NEET, the National Eligibility cum Entrance Test, is the only path into an Indian medical school. The odds are punishing: roughly 2.3 million test-takers compete for about 100,000 places each year, a ratio near 23 to 1. That pressure is the engine behind a long-running industry that sells advance copies of exam papers to desperate students, and it is the reason India's Ministry of Electronics and Information Technology, or MeitY, ordered internet providers to restrict access to Telegram from June 16 to June 22, the week of the rescheduled exam.
The original 2026 NEET was held on May 3, then annulled and rescheduled after investigators found a "guess paper" circulating before the test with significant overlap with the actual questions. The National Testing Agency, or NTA, which runs India's most consequential entrance exams, traced the leaked paper to specific candidates and centers using unique identifiers printed on each question booklet. But the agency has also pointed to Telegram's edit-without-changing-the-date feature as a possible reason that posts dated May 1, two days before the original exam, appeared to show NEET questions before the test was even given.
Telegram's design is the forensic problem. Unlike most messaging apps, Telegram lets users edit messages after they have been sent, but the platform does not update the original timestamp. A post marked "May 1" can carry content added on May 4. That makes Telegram a magnet for the leak economy: claims of pre-exam knowledge are easy to manufacture, hard to disprove, and almost impossible to date. MeitY has directed Telegram to disable message editing in India until June 30.

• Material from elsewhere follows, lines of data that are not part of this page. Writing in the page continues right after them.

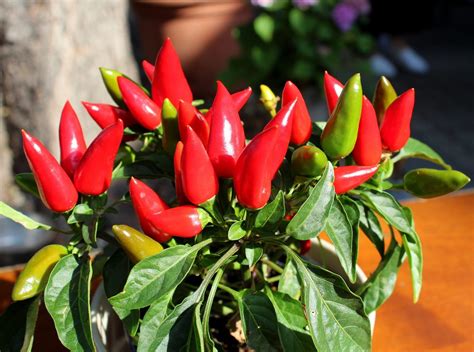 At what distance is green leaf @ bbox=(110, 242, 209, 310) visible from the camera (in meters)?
0.48

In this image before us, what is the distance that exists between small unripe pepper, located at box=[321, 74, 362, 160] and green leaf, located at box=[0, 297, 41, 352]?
0.98ft

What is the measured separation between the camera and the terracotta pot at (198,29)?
8.85 ft

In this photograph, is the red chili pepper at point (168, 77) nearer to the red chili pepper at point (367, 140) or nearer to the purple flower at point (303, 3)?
the red chili pepper at point (367, 140)

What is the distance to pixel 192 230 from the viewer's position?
0.52m

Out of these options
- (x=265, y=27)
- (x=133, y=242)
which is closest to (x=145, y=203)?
(x=133, y=242)

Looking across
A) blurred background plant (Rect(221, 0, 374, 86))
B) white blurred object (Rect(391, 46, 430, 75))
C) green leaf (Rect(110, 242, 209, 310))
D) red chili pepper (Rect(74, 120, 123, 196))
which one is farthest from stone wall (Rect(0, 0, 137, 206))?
white blurred object (Rect(391, 46, 430, 75))

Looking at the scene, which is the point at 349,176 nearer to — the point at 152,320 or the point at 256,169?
the point at 256,169

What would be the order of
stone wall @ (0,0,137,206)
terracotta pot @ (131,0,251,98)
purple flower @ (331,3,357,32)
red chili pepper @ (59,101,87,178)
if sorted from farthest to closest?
terracotta pot @ (131,0,251,98) < purple flower @ (331,3,357,32) < stone wall @ (0,0,137,206) < red chili pepper @ (59,101,87,178)

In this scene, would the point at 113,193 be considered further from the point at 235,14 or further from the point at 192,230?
the point at 192,230

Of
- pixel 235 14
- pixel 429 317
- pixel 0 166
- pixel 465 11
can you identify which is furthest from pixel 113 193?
pixel 465 11

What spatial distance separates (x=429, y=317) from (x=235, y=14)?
84.6 inches

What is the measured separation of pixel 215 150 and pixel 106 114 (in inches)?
6.1

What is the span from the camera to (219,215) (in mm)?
545

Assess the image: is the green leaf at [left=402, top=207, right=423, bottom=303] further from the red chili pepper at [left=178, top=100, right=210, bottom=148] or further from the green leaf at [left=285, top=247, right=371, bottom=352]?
the red chili pepper at [left=178, top=100, right=210, bottom=148] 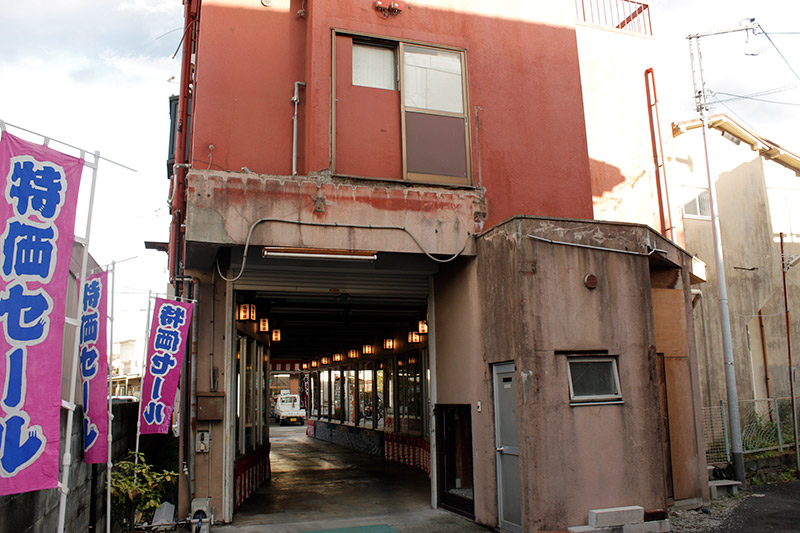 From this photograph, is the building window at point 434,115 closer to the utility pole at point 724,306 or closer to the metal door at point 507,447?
the metal door at point 507,447

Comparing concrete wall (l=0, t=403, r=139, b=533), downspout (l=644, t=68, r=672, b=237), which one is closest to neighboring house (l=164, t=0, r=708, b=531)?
concrete wall (l=0, t=403, r=139, b=533)

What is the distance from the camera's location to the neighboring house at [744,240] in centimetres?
1803

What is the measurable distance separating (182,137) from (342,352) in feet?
49.4

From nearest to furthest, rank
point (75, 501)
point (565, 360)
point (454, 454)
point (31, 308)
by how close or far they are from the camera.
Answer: point (31, 308) → point (75, 501) → point (565, 360) → point (454, 454)

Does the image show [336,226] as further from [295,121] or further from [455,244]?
[295,121]

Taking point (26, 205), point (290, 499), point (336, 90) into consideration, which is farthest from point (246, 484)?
point (26, 205)

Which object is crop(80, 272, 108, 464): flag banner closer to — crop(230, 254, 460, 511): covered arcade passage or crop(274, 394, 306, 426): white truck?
crop(230, 254, 460, 511): covered arcade passage

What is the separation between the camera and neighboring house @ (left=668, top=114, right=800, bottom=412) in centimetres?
1803

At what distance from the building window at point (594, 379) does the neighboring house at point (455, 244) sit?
33 mm

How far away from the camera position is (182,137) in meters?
13.4

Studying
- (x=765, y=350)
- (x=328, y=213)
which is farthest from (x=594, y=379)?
(x=765, y=350)

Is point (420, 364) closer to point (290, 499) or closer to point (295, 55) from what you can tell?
point (290, 499)

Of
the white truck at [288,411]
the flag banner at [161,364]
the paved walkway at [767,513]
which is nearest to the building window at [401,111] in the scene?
the flag banner at [161,364]

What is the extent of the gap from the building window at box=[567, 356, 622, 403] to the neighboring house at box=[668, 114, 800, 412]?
941cm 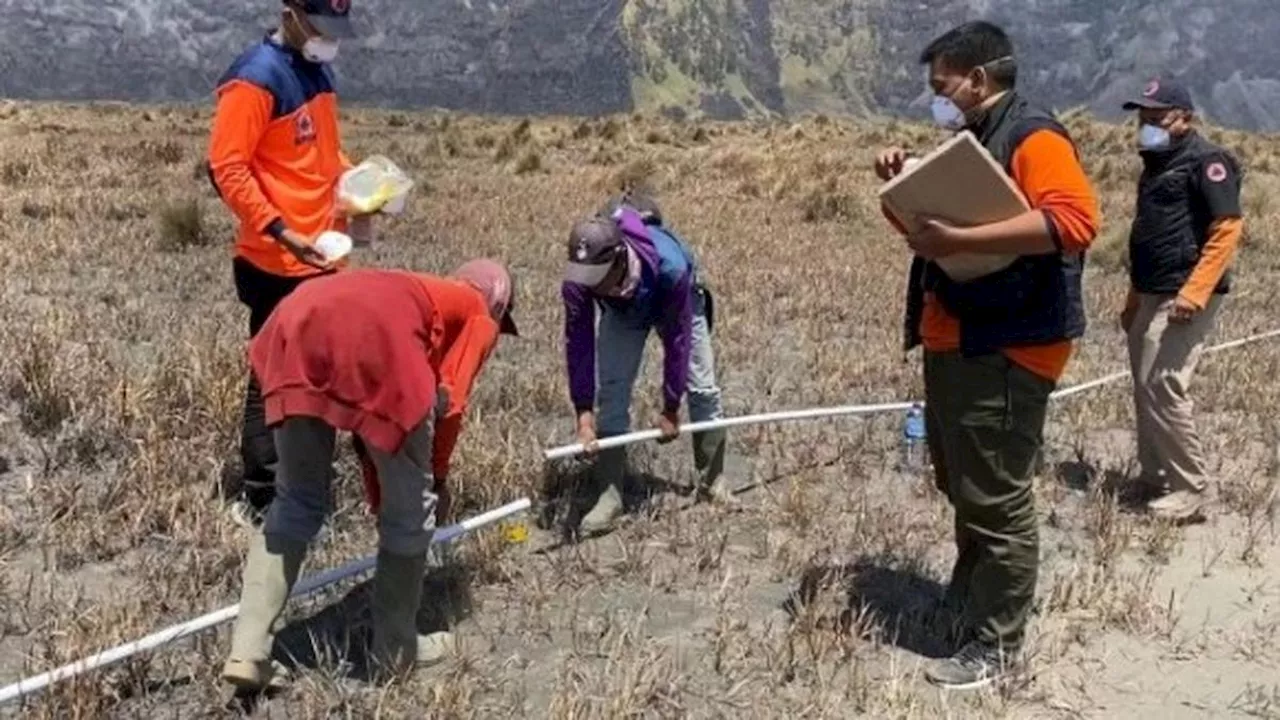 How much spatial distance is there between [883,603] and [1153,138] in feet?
8.18

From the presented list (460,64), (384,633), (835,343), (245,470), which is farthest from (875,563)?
(460,64)

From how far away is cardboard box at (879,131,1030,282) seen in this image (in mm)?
3609

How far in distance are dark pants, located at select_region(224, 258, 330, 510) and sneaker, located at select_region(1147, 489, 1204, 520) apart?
12.1 ft

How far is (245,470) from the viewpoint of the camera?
4992 mm

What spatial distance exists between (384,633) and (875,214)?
42.8 ft

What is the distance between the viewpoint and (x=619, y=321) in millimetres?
5332

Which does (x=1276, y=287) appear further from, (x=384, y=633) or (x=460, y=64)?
(x=460, y=64)

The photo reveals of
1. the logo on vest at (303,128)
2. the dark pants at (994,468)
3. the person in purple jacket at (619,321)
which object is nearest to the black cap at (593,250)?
the person in purple jacket at (619,321)

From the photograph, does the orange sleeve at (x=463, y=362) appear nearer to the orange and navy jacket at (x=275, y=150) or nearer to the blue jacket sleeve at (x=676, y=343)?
the orange and navy jacket at (x=275, y=150)

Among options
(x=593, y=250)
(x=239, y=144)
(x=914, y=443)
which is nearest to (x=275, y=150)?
(x=239, y=144)

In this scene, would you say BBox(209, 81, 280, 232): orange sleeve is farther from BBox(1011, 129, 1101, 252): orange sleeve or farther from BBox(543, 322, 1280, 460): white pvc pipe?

The Internet Freedom Foundation, an Indian digital rights group, called the Telegram block unconstitutional and overreach, arguing that rumor and suspicion are not grounds for shutting down a platform when targeted blocking and criminal prosecution of the leakers are available. The Internet Society, a global non-profit, has argued that exam-period internet shutdowns are disproportionate and ineffective, and India has imposed city-wide shutdowns during major exams before. Similar shutdowns have been used in Syria and Sudan during high-stakes test periods.
The block buys time. It does not solve the structural problem. With one exam admitting only about four percent of applicants into medical school, the leak economy will simply move to the next platform that offers plausible deniability and weak moderation. Telegram has not publicly disclosed whether it will implement the editing restriction India has requested.
India is not alone in this trap. China's gaokao, Pakistan's MDCAT, and similar civil-service exams in other countries face the same structural pressures: a single high-stakes test, an extreme competition ratio, and a persistent market for advance papers. Where Telegram ends, another channel begins. The harder question is whether any country can run medical admissions through one test without exporting the cheating problem to whichever messaging app the leakers move to next.